The repository is organized into cleanly separated modules to distinguish core Hugging Face components from training and deployment scripts:

Echo-DSRN/
├── echo_dsrn/           # Core library for the Echo-DSRN model
├── echo_hybrid/         # Core library for the Hybrid model (Qwen2.5 backbone + DSRN memory)
├── benchmarks/          # Evaluation scripts for classification models
├── examples/            # Interactive inference examples
├── scripts/             # Canonical PEFT merge utilities
├── tests/               # pytest suite
├── PAPER.md             # The Echo-DSRN Working Paper
└── README.md            # This document

Installation

This repository uses uv for lightning-fast dependency management. You can also install it directly via pip or use it via Hugging Face's trust_remote_code=True mechanism.

# Clone the repository
git clone https://github.com/ethicalabs-ai/Echo-DSRN.git
cd Echo-DSRN-HF

# ROCm (local development — AMD GPU, ROCm 7.2+)
uv sync --extra rocm

# CPU-only (CI, inference without GPU, or non-ROCm machines)
uv sync --extra cpu

Quick Start (Inference)

Echo-DSRN Base (114M)

The echo_dsrn package provides the AutoClass registered models.

import torch
from transformers import AutoTokenizer, AutoModelForCausalLM
import echo_dsrn  # Must be imported to register AutoClasses!

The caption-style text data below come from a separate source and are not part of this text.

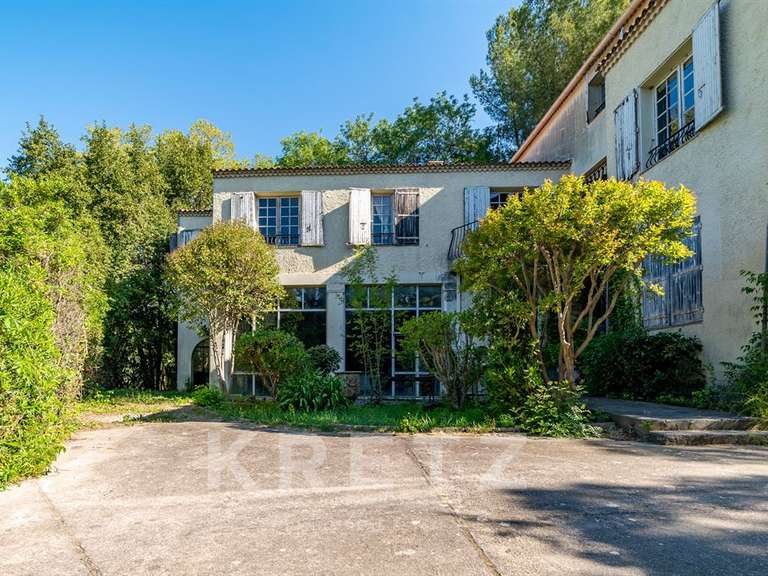 House Castelnau-le-Lez - 9 bedrooms - 429m²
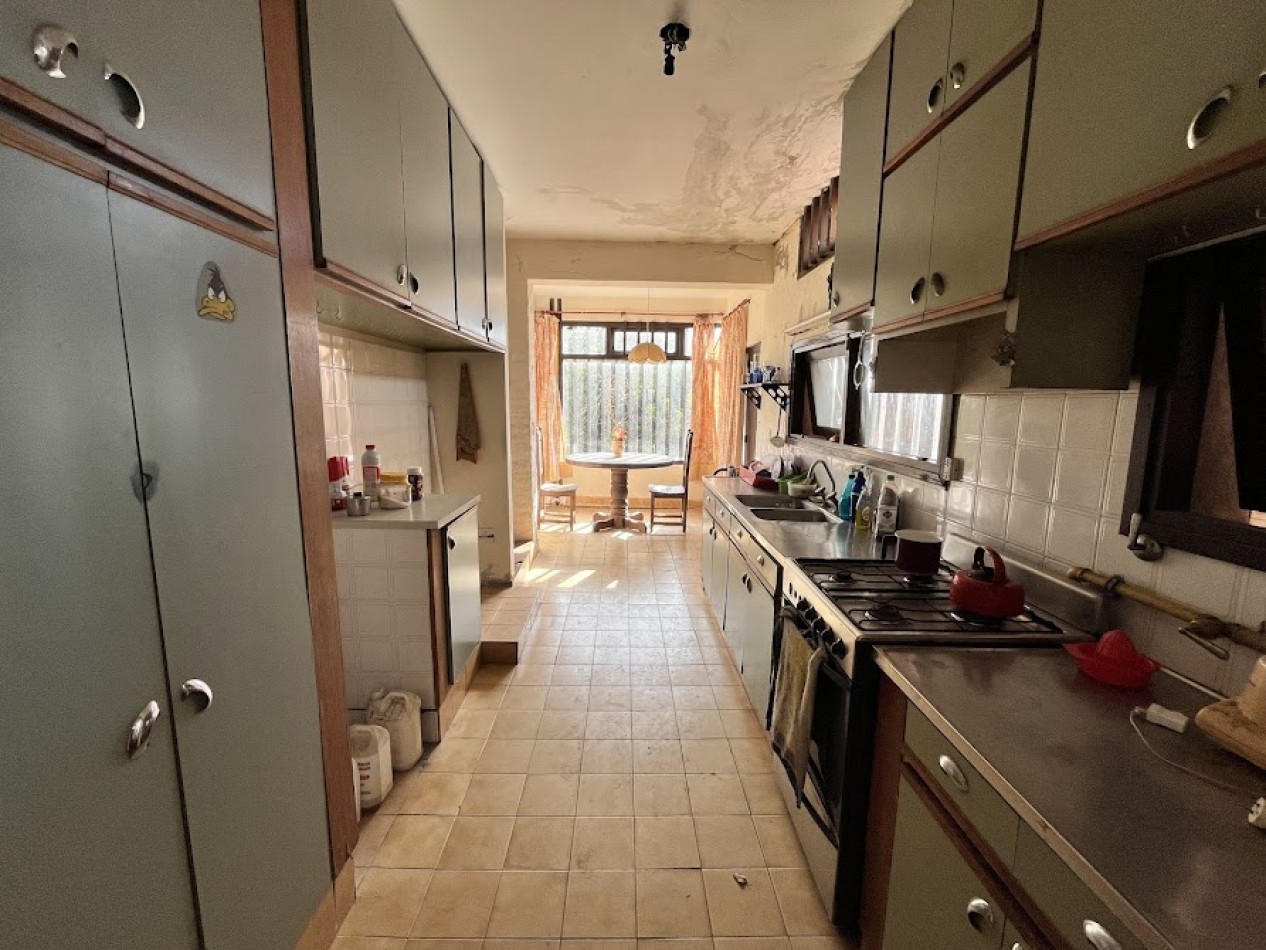 IMPONENTE CHALET EN ESQUINA - BARRIO SAN CARLOS, ACANTILADOS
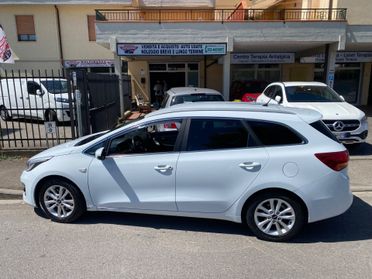 Kia Ceed cee'd 1.6 CRDi 136 CV DCT SW Cool automatico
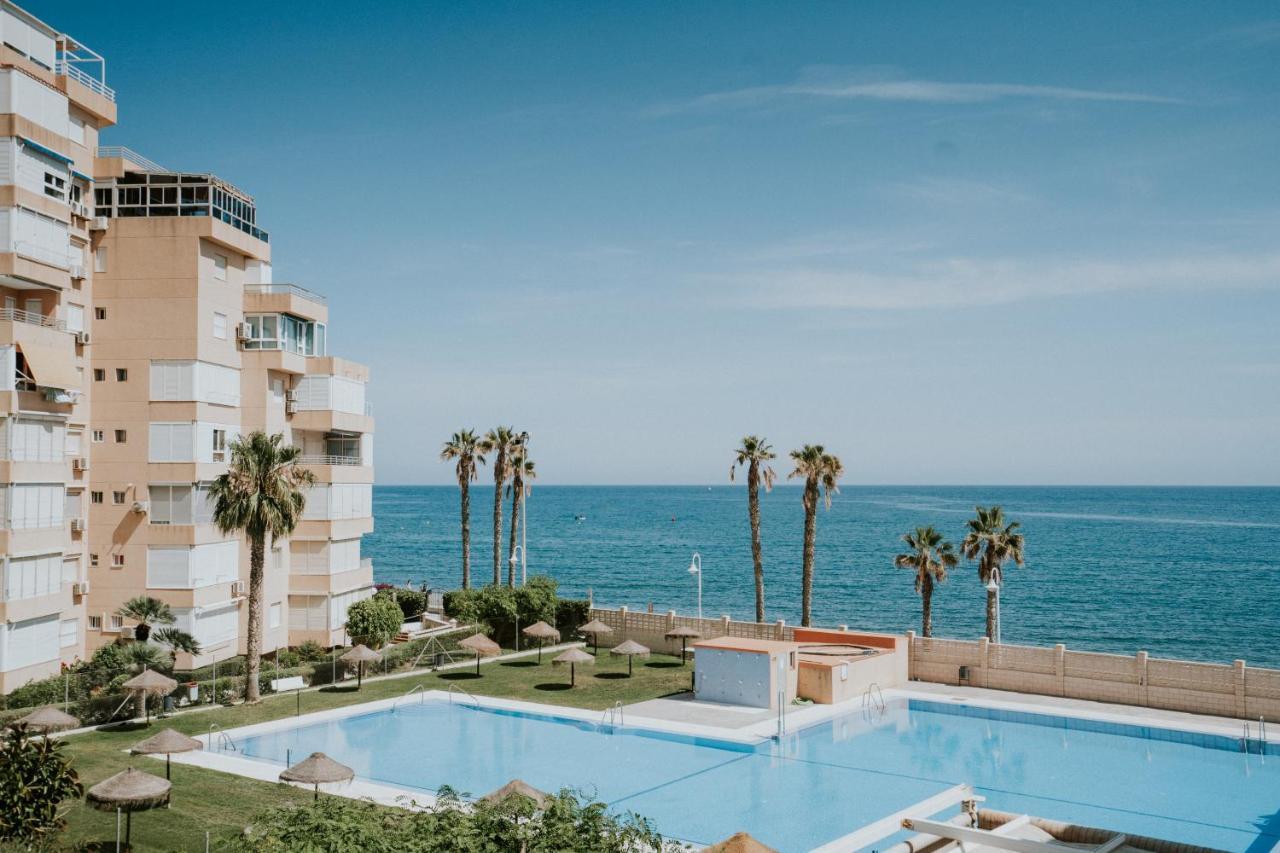 Apto Primera Linea De Playa Málaga Esterno foto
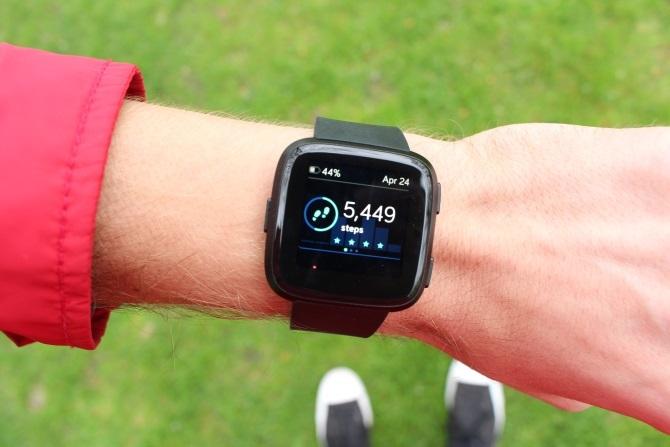 Fitbit Versa smartur på användarens handled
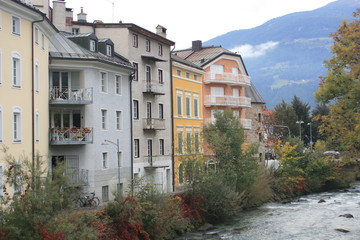 Fototapeta na wymiar Häuser in Bruneck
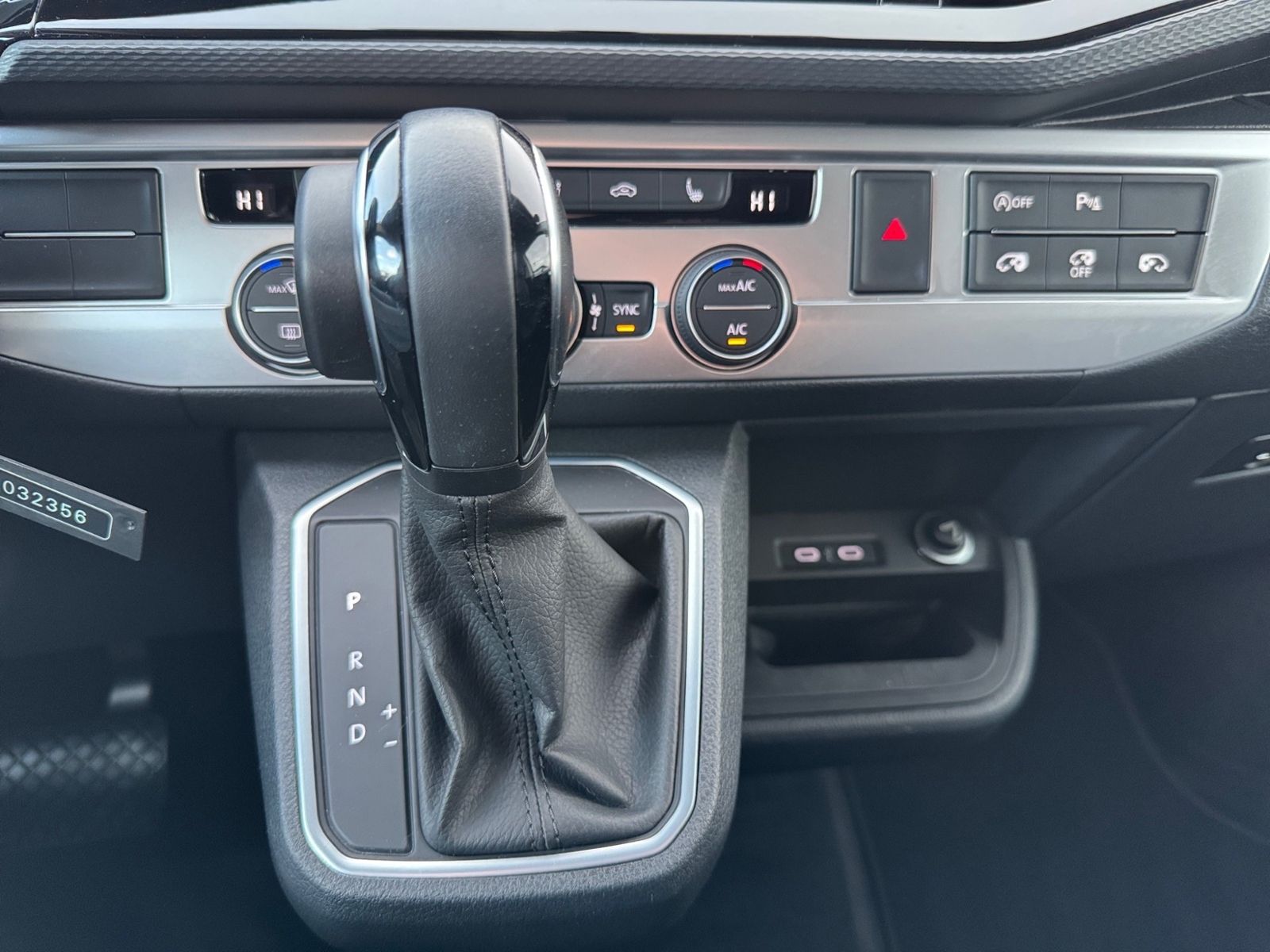 Volkswagen T6.1 Multivan 2.0 TDI 4M - Samsaru's Car Outlet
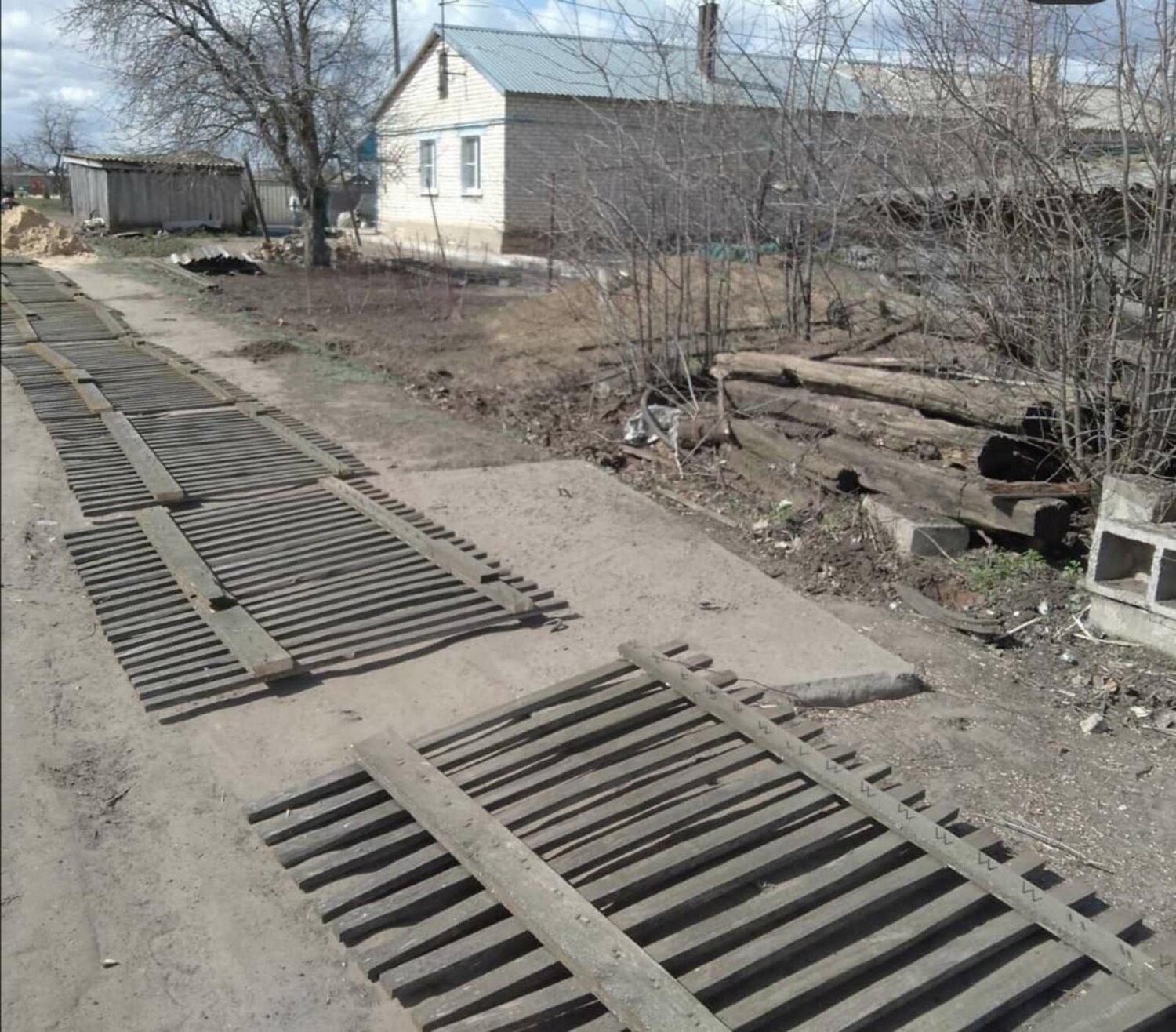 ливневка старая, ливневая канализация на дороге, ливневка в городе, улица, разрушение водоотвода на дороге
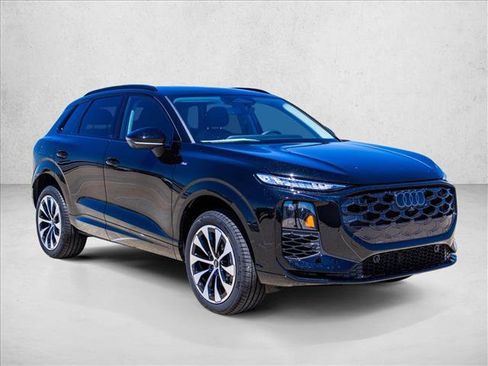 New 2026 Audi Q3 quattro 2.0T AWD/4WD image 3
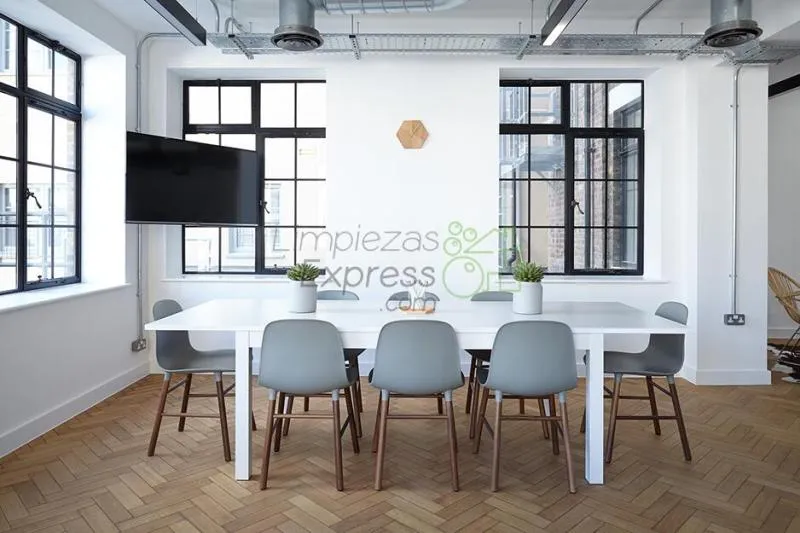 La imagen 2 de la Empresa LIMPIEZAS EXPRESS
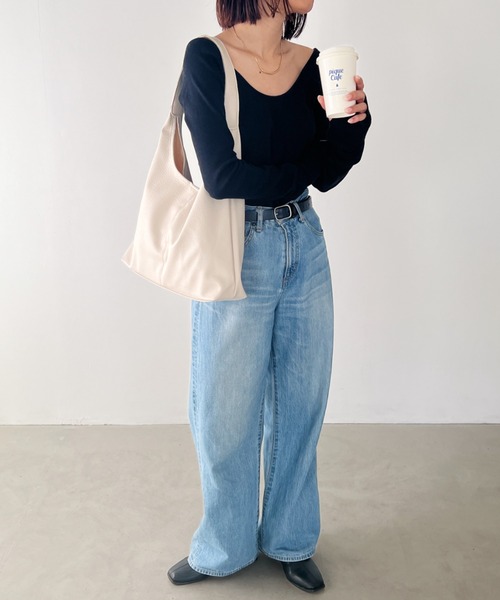 wears（ウェアーズ）の「【A4収納可能】ポーチ付きPUトートバッグ（トートバッグ・レディース・ブラック/シルバー/アイボリー・FREE）」の22枚目の写真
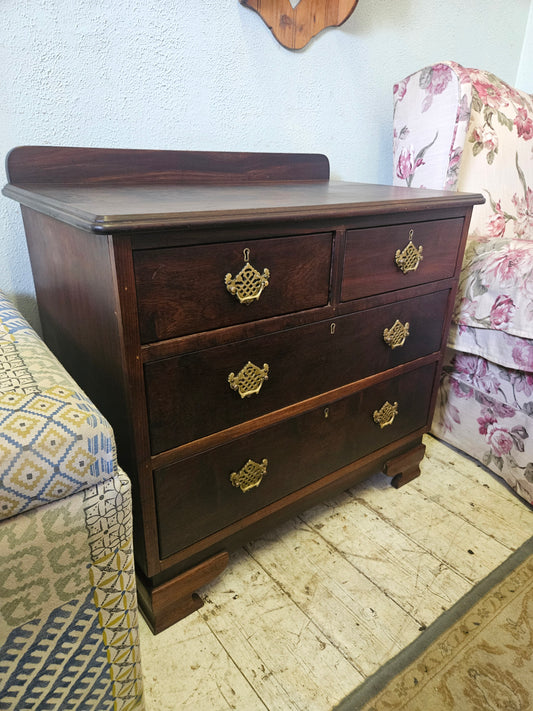 Small imbuia chest of drawers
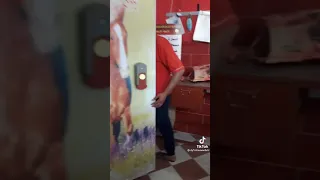 شاهد الصدمةراجل يذبح الحمير وفاتح محل في الشارع لبيع لحم الحصان والحمير ومش خايف من حد 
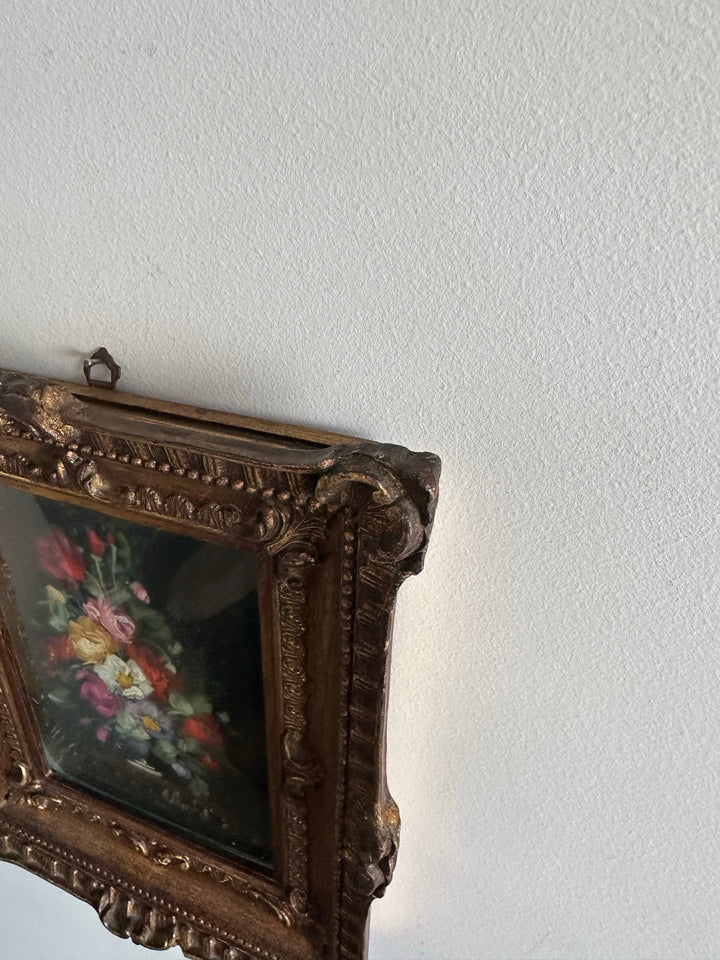 Peinture sur cuivre signée bouquet de fleurs roses et rouges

model_id = "ethicalabs/Echo-DSRN-114M-v0.1.2"

tokenizer = AutoTokenizer.from_pretrained(model_id, trust_remote_code=True)
model = AutoModelForCausalLM.from_pretrained(
    model_id,
    device_map="auto",
    trust_remote_code=True
)

inputs = tokenizer("The theory of predictive coding suggests that", return_tensors="pt").to(model.device)
outputs = model.generate(**inputs, max_new_tokens=50)

print(tokenizer.decode(outputs[0], skip_special_tokens=True))

Echo-Hybrid (0.5B)

The echo_hybrid package provides the models with the Qwen2.5 backbone and integrated DSRN memory blocks.

from transformers import AutoTokenizer, AutoModelForCausalLM
import echo_hybrid  # Must be imported to register AutoClasses!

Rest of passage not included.